Quantum noise squeezing with Koheras lasers

The Nonlinear Quantum Optics group at the University of Hamburg has been working with Koheras BOOSTIK lasers to make squeeze lasers for quantum noise squeezing.

Quantum-squeezed laser light shows less noise in the statistics of the detected photons than shot noise, even though shot noise represents the lowest noise of all conventional lasers.

What we call a “squeeze laser” can establish correlations between detected photons. These so-called quantum correlations can be used to:

  • improve ultra-sensitive measurements beyond what is possible with conventional ultra-stable laser light
  • raise the security of quantum key distribution to a new level
  • build optical quantum computers

A “squeeze laser” is a laser that is parametrically pumped below threshold. As pump light, we regularly use Koheras continuous-wave lasers at 1550 nm from NKT Photonics.

First, we frequency-double this light to 775 nm, then use it to pump our squeeze lasers. The squeeze laser is itself an important quantum technology and a key resource for a variety of more specialized quantum technologies.

A portable squeeze laser

The photo below shows a prototype of a portable squeeze laser on a breadboard with the dimensions of 80 cm x 80 cm. A fiber in the right corner connects the NKT Koheras laser with the setup.

To illustrate the innovative potential of squeeze lasers, let’s look at the arrival times of photons. A conventional laser emits noisy photon statistics.

The noise results from the fact that the detected photons obey the probability distribution of mutually independent detection events (“Poisson statistics” or “counting statistics”).

The result is photon shot noise. This shot noise limits the sensitivity of the measurements we perform with conventional lasers, such as the ultra-stable Koheras. Tiny measurement signals cannot be resolved due to shot noise, as illustrated in the left panel of the figure below.

With squeezed light of the same power, the same tiny signal becomes visible, as illustrated in the right panel (the same sinusoidal signal is indeed present in both panels).

The magnitude of the “squeeze factor” we can achieve is a relevant measure of a squeeze laser. It relates to the factor by which the variance of the shot noise is reduced. Factors larger than 10 (> 10 dB) are difficult to achieve and state-of-the-art.

The group of Prof. Dr. Roman Schnabel at Hamburg University has been focusing on the development of squeeze lasers since 2002 and achieved many important milestones since then.

Squeeze lasers for 1550 nm

In 2008, the group reached a squeeze factor of more than 10 for the first time, at 1064 nm.
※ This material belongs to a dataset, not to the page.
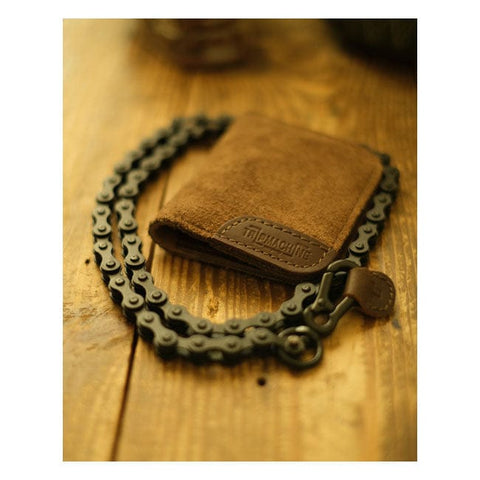 Trip Machine Moto wallet tobacco TRIPMACHINE MOTOVEIKALS 21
In 2010, the group built the first squeeze laser for a user application. The system was integrated into the gravitational-wave observatory GEO600. This system has been operational ever since. Since 2018, the group has focused on developing squeeze lasers at 1550 nm and achieved a squeeze factor of 13 dB for the first time.

The 1550 nm-wavelength is not only interesting for sensing applications but also in quantum computing and quantum key distribution (QKD). The squeeze laser enhances QKD because any interrogation of the remote measurement device results in a degradation of the quantum correlations that cannot be undone. In this way, squeezed light not only secures the quantum communication channel, but also the remote devices. This is known as one-sided device-independent QKD.

How do the ultra-stable Koheras fiber lasers help us in our research?

They are transverse single modes and can be efficiently matched to a laser resonator. The light shows low levels of power fluctuations, which facilitates a stable control of the pumped squeezing resonator.

Sensing applications require superimposing the squeezed light with conventional light as a carrier beam and require conventional light at the shot-noise level.

The measurement signal scales proportionally to the optical power of the conventional beam. The noise is reduced proportionally to the squeeze factor. The signal-to-noise ratio can thus be optimized with two variables. This combination has been in use in all gravitational-wave observatories since 2019.

We use the ultra-stable Koheras BOOSTIK fiber lasers as pump sources for our squeeze lasers

Dr. Axel Schönbeck Institute of Laser Physics University of Hamburg

Meet the authors

Dr. Axel Schönbeck is a researcher at Hamburg University, working on the development of compact and portable squeeze lasers. Having previously done his Bachelor’s, Master’s, and Ph.D. in quantum optics, he is experienced in designing optical systems and putting them into operation. His current work is focused on developing small, portable, and easy-to-operate squeeze lasers to enable their widespread use in quantum technologies. He also works on novel applications for squeeze lasers, collaborating with researchers from other disciplines, e.g., biology.

Prof. Dr. Roman Schnabel is a Professor at the University of Hamburg and head of the Nonlinear Quantum Optics group. He operates twelve high-quality laser laboratories in which his master’s students, doctoral students, and postdocs conduct research on and with squeeze lasers of wavelengths 800 nm, 1064 nm, 1550 nm, and 2128 nm. Based on his 20 years of pioneering work, all current gravitational wave observatories are now equipped with squeeze lasers.